HONG KONG — Humans may never develop immunity against Covid-19, according to new research on antibodies by Chinese and American scientists.

A blood sample is held during an antibody testing programme in Birmingham, Britain, on June 5, 2020.

A blood sample is held during an antibody testing programme in Birmingham, Britain, on June 5, 2020.

HONG KONG — Humans may never develop immunity against Covid-19, according to new research on antibodies by Chinese and American scientists.

Their conclusion was based on a study looking at whether hospital workers in Wuhan who were directly exposed to infected patients at the early stage of the outbreak had developed antibodies. The deadly new disease was first detected in the Chinese city late last year.

At least a quarter of the more than 23,000 samples tested could have been infected with the virus at some stage, according to the scientists. But only 4 per cent had developed antibodies as of April.

“People are unlikely to produce long-lasting protective antibodies against this virus,” the researchers concluded in a non-peer-reviewed paper posted on preprint website on Tuesday (June 16).
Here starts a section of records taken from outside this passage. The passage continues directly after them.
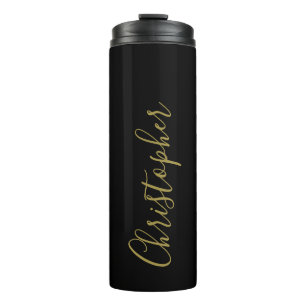 Monogramm Schwarze Goldschrift Name Minimalistisch Thermosbecher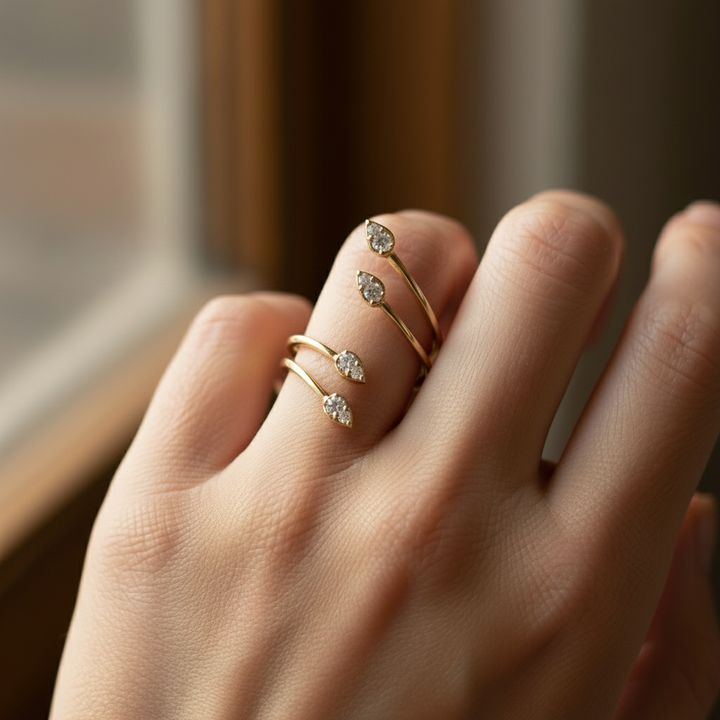 Multi-Leaf Diamond Open Wrap Ring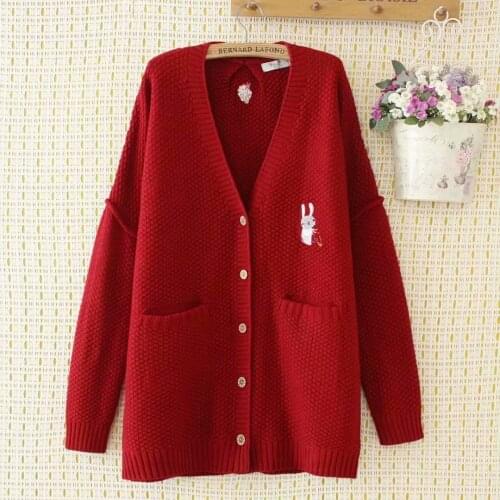 Plus size cardigans for women 2021 autumn kawaii rabbit embroidery Womens oversize sweater dark blue red loose Womens clothing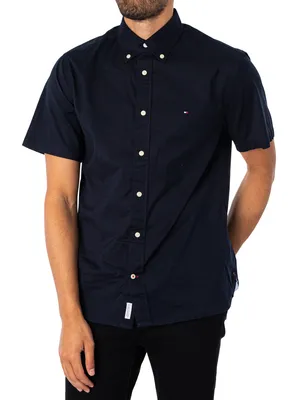 Produktbild von Tommy Hilfiger Herren Kurzärmliges Hemd aus Flex-Popeline, Blau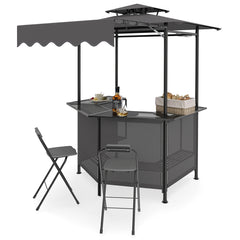 3-Piece Patio Bar Set and Outdoor BBQ Canopy with Bar Table and 2 Folding Bar Stools for Backyard-Grey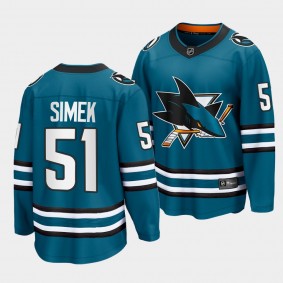 San Jose Sharks #51 Radim Simek Home 2022-23 Teal The Evolve Jersey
Many efforts to fight the pandemic are being done on the assumption that people who have had Covid-19 will produce antibodies that will protect them from reinfection. Those efforts include countries considering issuing “immune certificates”, the over 100 potential vaccines in development, and recovered patients being encouraged to give blood for experimental drugs and therapies.

But the new research in Wuhan suggested not everyone infected was producing antibodies, or producing long-lasting ones. Antibodies are the molecules generated by the immune system to bind with the virus spike protein and stop it from infecting cells. Some, like immunoglobulin G, or IgG, can remain in the system for a long time — it has been found in severe acute respiratory (Sars) patients 12 years after they were infected.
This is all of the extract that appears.